Editors Desk

The wind energy industry is constantly evolving and adapting to meet market demands.


Like the innovative industry we serve, we also embrace change here at Wind Systems.
You may have noticed that our print and digital magazine have undergone a makeover recently. We’ve enhanced the visual aesthetics of the magazine with a lot of small adjustments that have had a big impact on the magazine’s overall look, including mini tables of content within each of our five recurring sections — Direction, Construction, Innovation, Maintenance, and Manufacturing — to give you an idea of what you can expect to read in the remaining pages of that department. We are also in the process of updating our website, www.windsystemsmag.com, to be more captivating and reader-friendly. You can expect that project to be finished by the time most of us are at the AWEA Windpower show in New Orleans from May 23 to May 26. If you’ll be attending this year’s leading industry event, stop by Booth #3013 and let us know what you’d like to see more of in the magazine. Also, feel free to call or email me if you’d like to schedule a meeting to discuss editorial opportunities.

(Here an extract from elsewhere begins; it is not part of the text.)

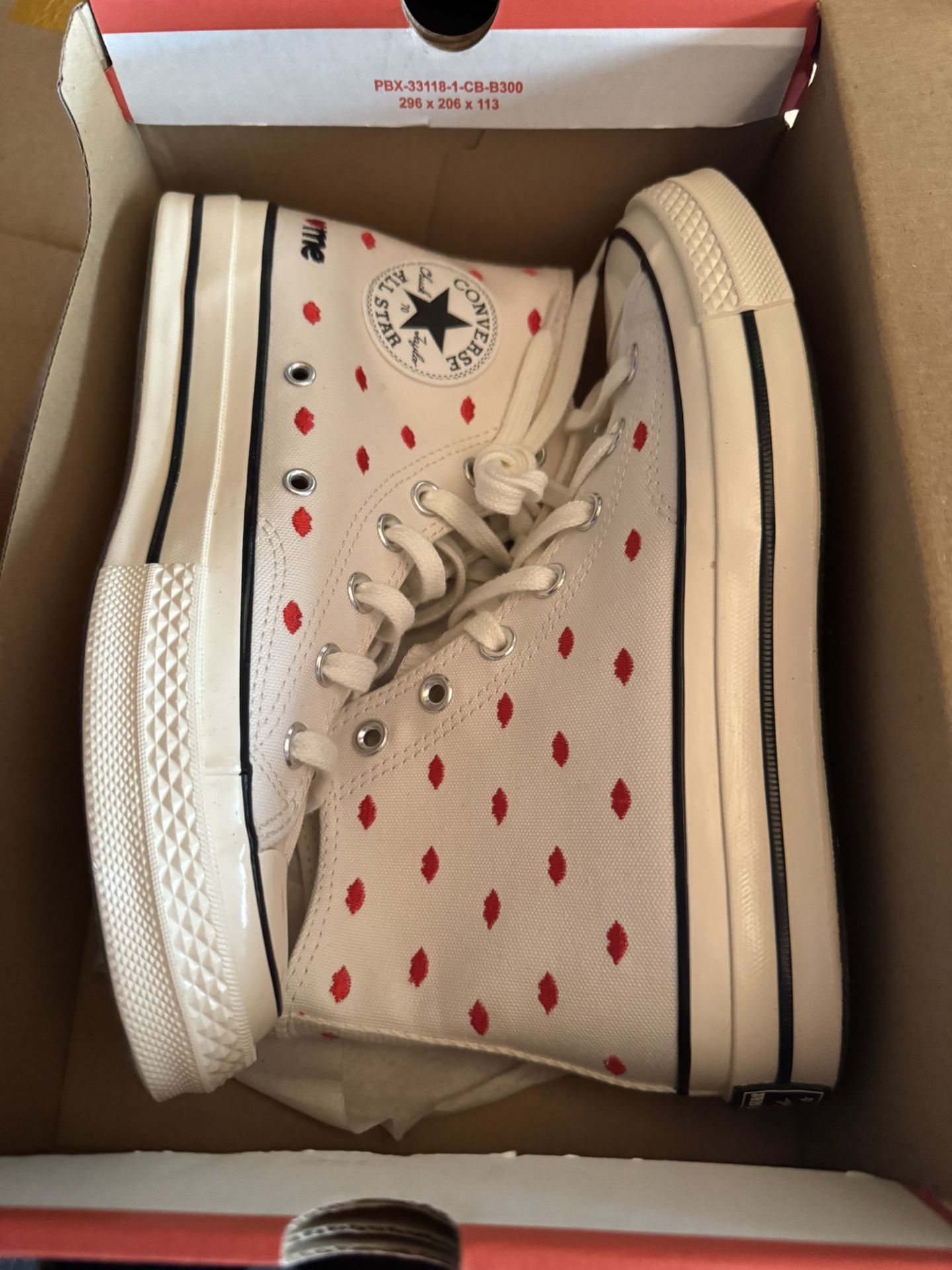 Converse Chuck Taylor All Star 70 High Valentines Day Sizes 8 Women, 9.5 Women, And 10 Women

This month’s issue focuses on education and workforce development in the wind energy industry. Like most industries in this economic climate, the United States wind market is facing a shortage of skilled and qualified workers needed to install new wind farms and maintain existing ones. An educated, well-trained workforce is necessary to keep the lights on and drive this industry forward. In the inFOCUS section, we’ve cultivated the perspectives of several industry leaders to present their opinions on the subject and ways this issue can be addressed. Shawn Lamb from the Danish Wind Power Academy Americas discusses ways America’s workforce can be retooled and repurposed to meet the needs of the wind industry. Gordon Moran from the European Energy Centre (EEC) returns this month to propose how the U.S. can benefit from the United Kingdom’s example in advancing educational and training opportunities. We also feature a column by Walter Christmas, a wind energy instructor at Ecotech Institute in Aurora, Colorado, on how wind school graduates have an edge when it comes to job opportunities, as well as an article by Kristen Graf, the executive director of Women of Wind Energy, on the importance of women in this industry.

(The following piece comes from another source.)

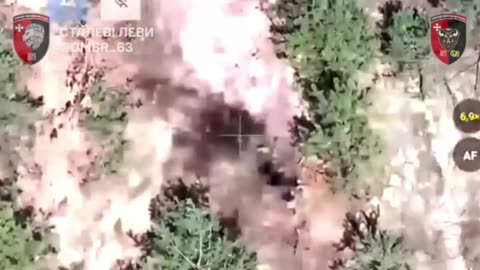 Single Russian Soldier Storming Ukrainian Lines Pulls Pin After Being Cut Down By Burst of Fire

Additionally, you’ll find a company profile on Kalamazoo Valley Community College, a leading educational institution in the wind industry, as well as a Q&A with Jared Bezet, the Quality Enhancement Plan director and interim director of Institutional Effectiveness at Everglades University in Boca Raton, Florida. We have also included a list of U.S. educational institutions that offer programs in wind energy. If you would like a school added to this list, email the school’s name and information to editor@windsystemsmag.com.

As always, thanks for reading!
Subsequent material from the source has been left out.